Researchers have developed an efficient hybrid gel that can be used as a scaffold for growing muscle fibres, known as myotubes1. They prepared the gel by blending gelatin fibres with multiwalled carbon nanotubes. The gel is potentially useful for artificially growing muscle cells, which can be harvested to replenish lost muscle tissue.

An ideal scaffold for engineering muscle tissue should mimic the cellular microenvironment, which contains extracellular matrix, neighbouring cells and growth factors, as such an environment facilitates cell proliferation, migration and differentiation — processes that lead to tissue formation.

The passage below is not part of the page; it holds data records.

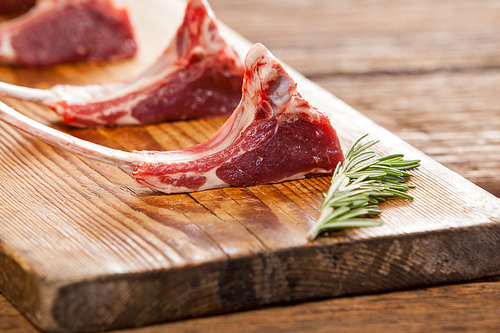 Rib chops and rosemary herb on wooden tray against wooden background
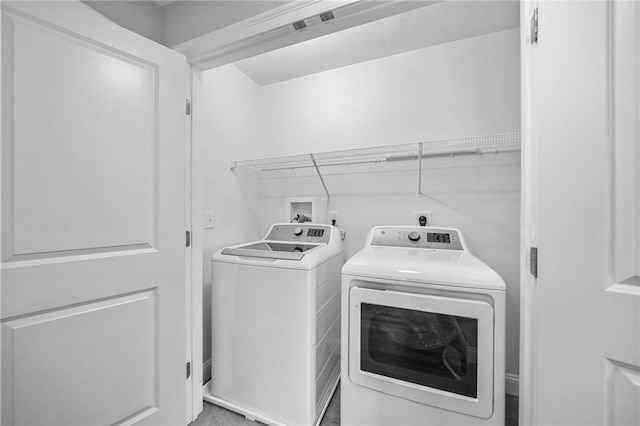 washroom featuring laundry area and washing machine and dryer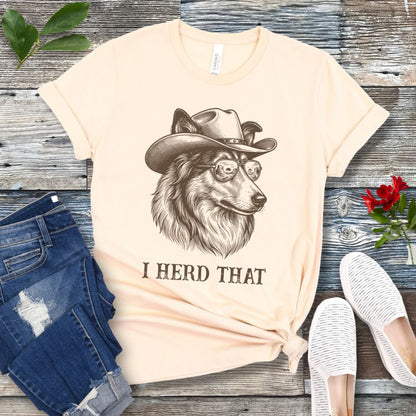 Beige t-shirt for dog lovers with a Rough Collie wearing a cowboy hat graphic and humorous 'I Herd That' text, placed on a wooden surface with jeans and shoes.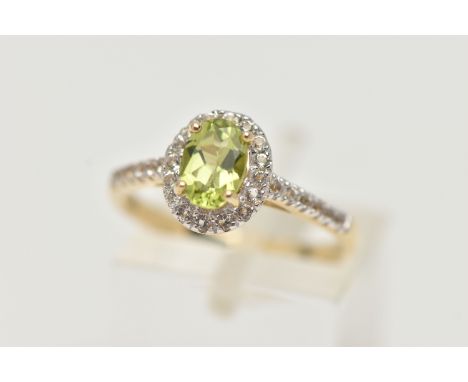A 9CT GOLD PERIDOT AND DIAMOND RING, an oval cut peridot, set with a surround of round brilliant cut diamonds, leading on to 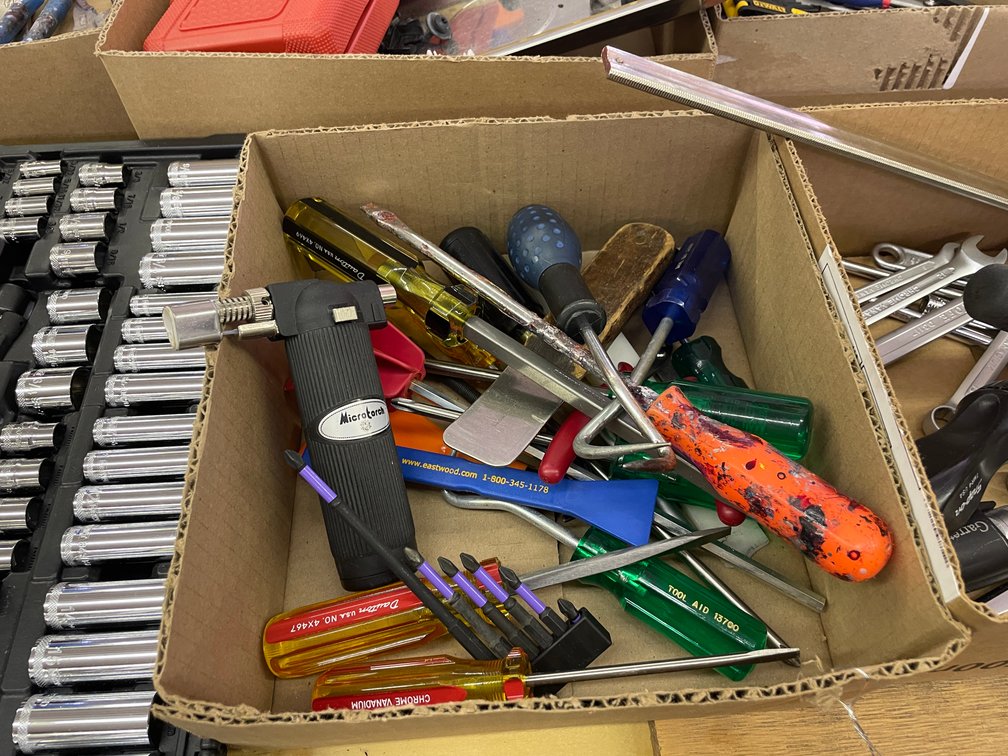 Box of Screwdrivers, Micro Torch, and Phillips Bits
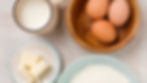 Eggs in a wooden bowl, flour, milk, sugar, butter, oil, and shredded coconut arranged on a light wooden table for baking preparation.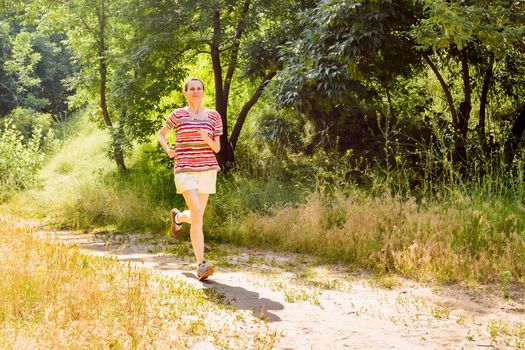 A happy senior woman is running with the sun in backlight, toward the shadow, in the forest during a warm summer day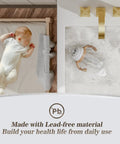 Top view of Brushed Gold Bathroom Sink Faucet With Waterfall Design, Widespread 8-Inch 3-Hole Mount, next to sleeping baby.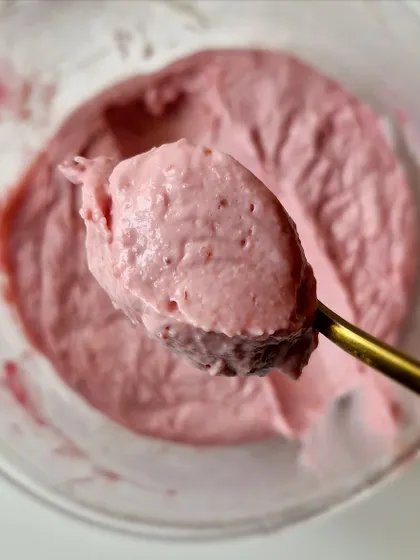 A spoonful of luscious Strawberry Yogurt Mousse, a light and airy filling.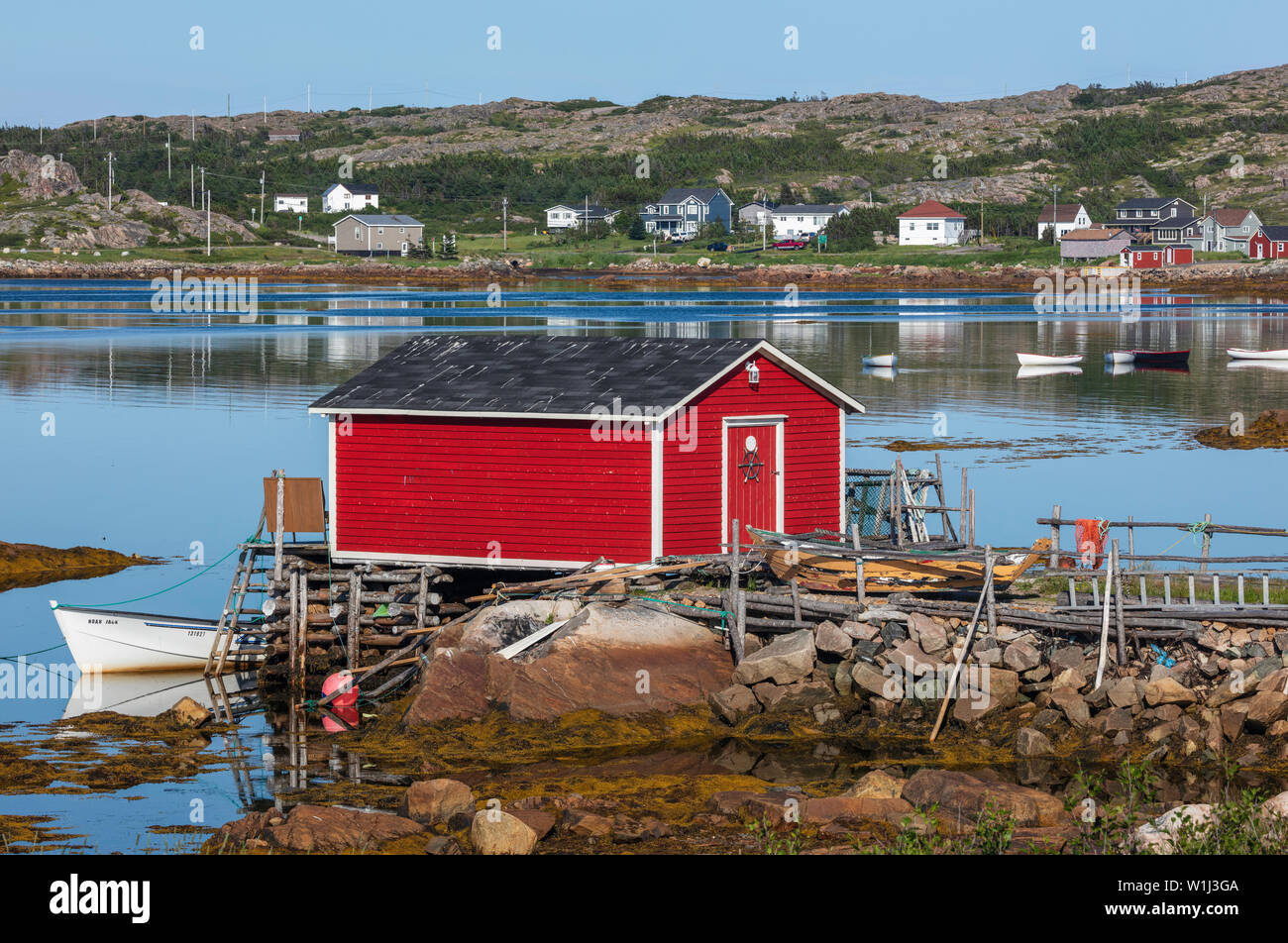 Red fishing stage and town reflection, Joe Batt's Arm, Fogo Island, Newfoundland and Labrador
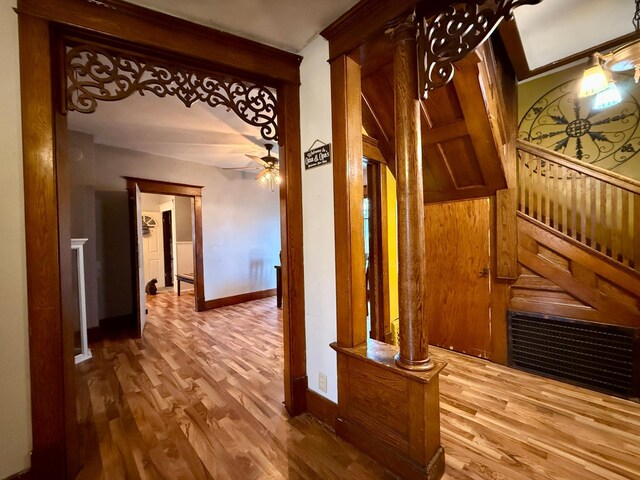 hallway with baseboards and wood finished floors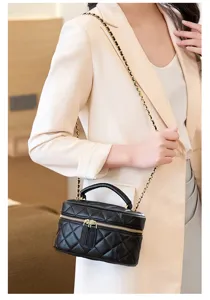 Black quilted leather vanity bag detail showing chain strap and gold hardware zipper.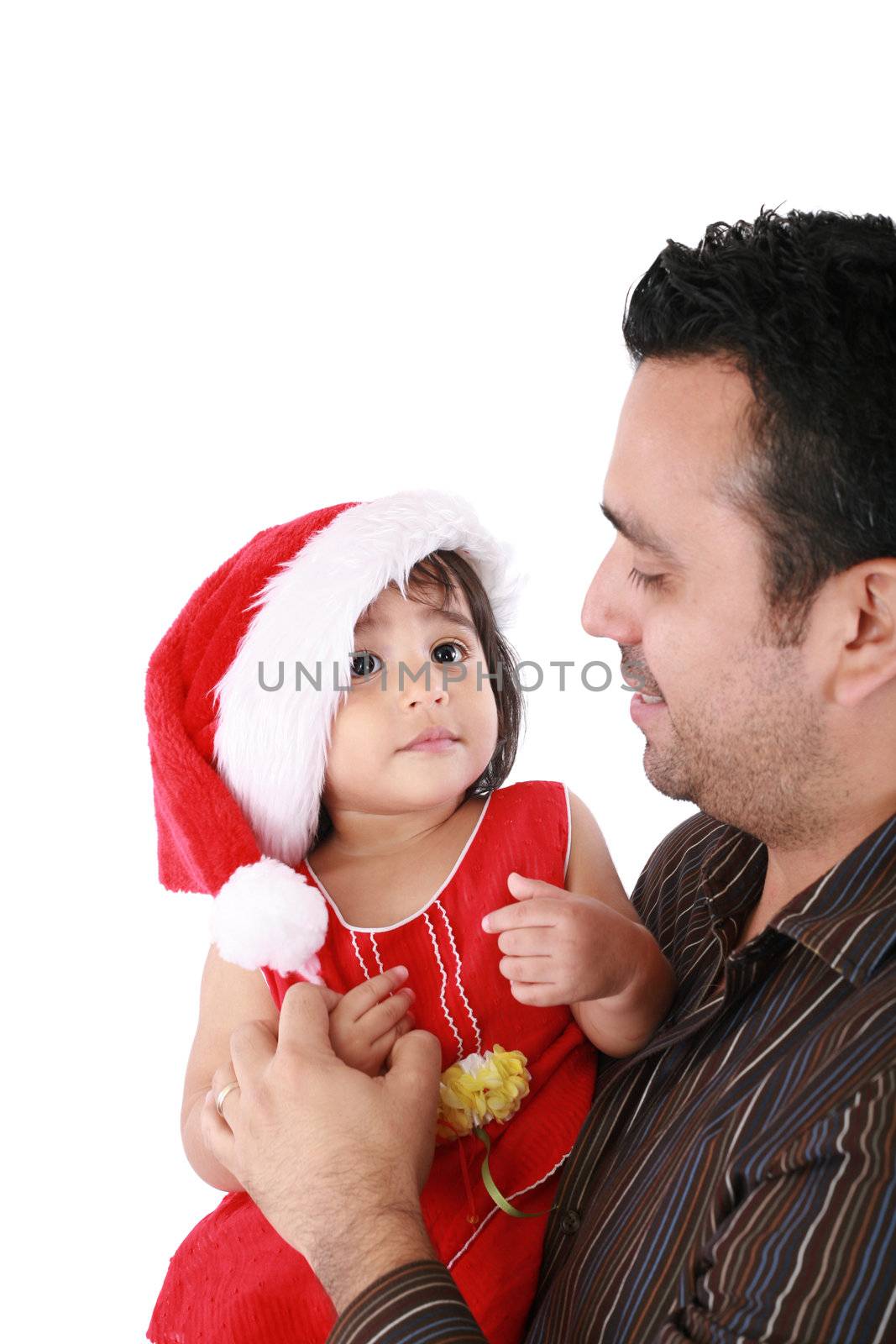 Father and daughter looking happy wearing santa Christmas hat. by dacasdo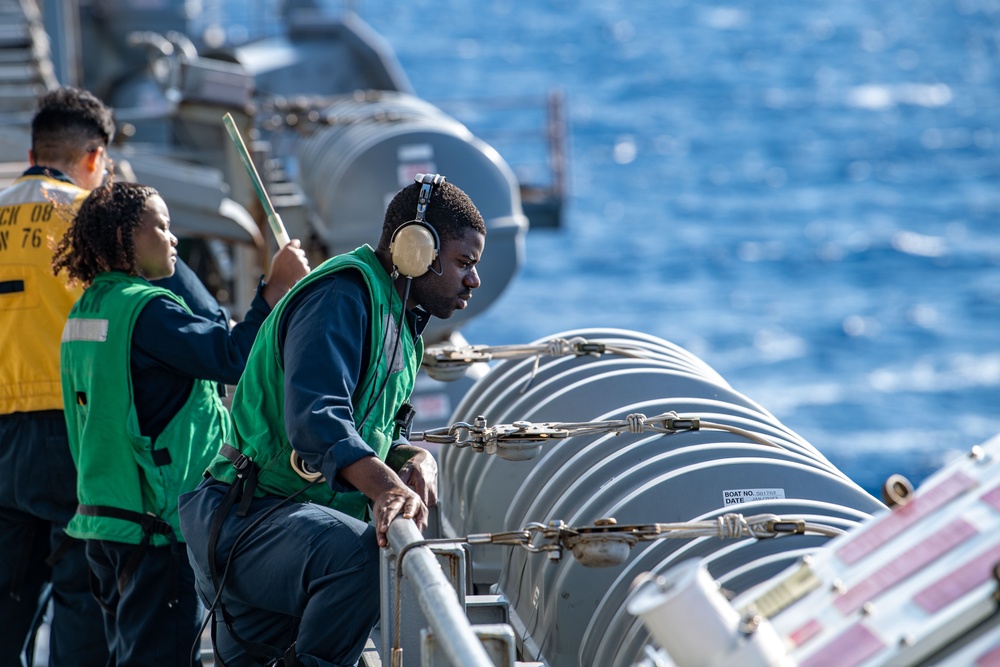 USS Ronald Reagan (CVN 76) conducts fueling-at-sea with Arleigh Burke-class  guided-missile destroyer USS Ralph Johnson (DDG 114)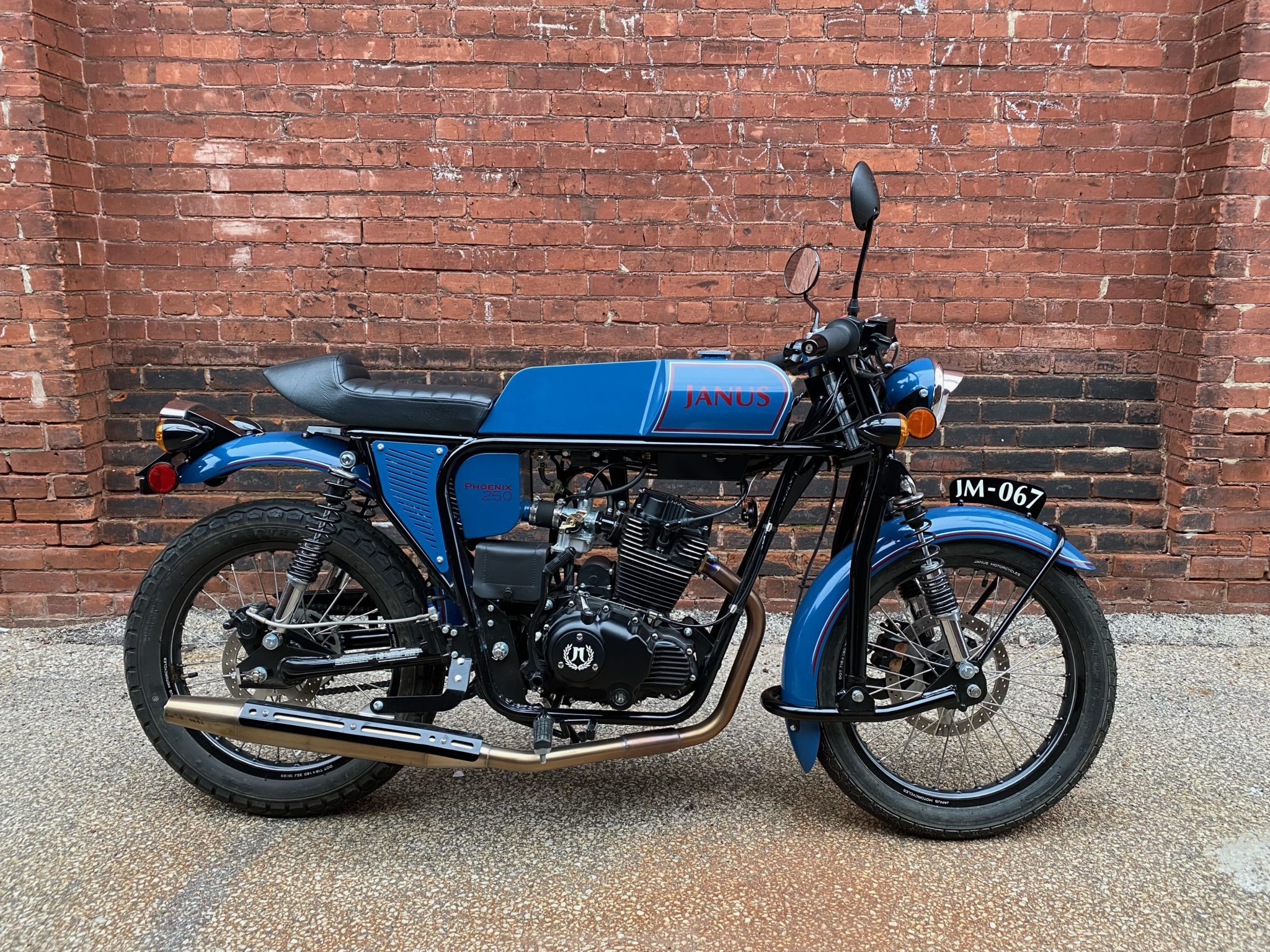 Blue Janus motorcycle parked in front of a brick wall.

To artificially replicate a cellular microenvironment suitable for tissue engineering, the researchers synthesized hybrid fibres by blending gelatin with different concentrations of multiwalled carbon nanotubes. They then tested the effectiveness of these fibres as scaffolds for growing myotubes from mice myoblasts — embryonic cells that give rise to myotubes. They also compared the effectiveness of the hybrid fibres for forming myotubes with that of pure gelatin fibres.

The researchers found that after culturing for four days, myoblasts formed myotubes on the pure gelatin fibres. They observed that hybrid fibres containing carbon nanotubes were better than pure gelatin fibres for forming myotubes from myoblasts and for growing longer myotubes. The hybrid fibres improved the interaction between the myoblasts and the scaffold, triggering tissue formation. The researchers noticed that the hybrid fibres activated specific genes in myoblasts, accelerating the fusion of myoblasts, which is essential for forming myotubes.

The researchers say that the hybrid fibres combine the ability of gelatin to support cellular activity with the mechanical properties of carbon nanotubes. They say that this combination of properties could potentially be used to develop three-dimensional cell cultures for tissue engineering.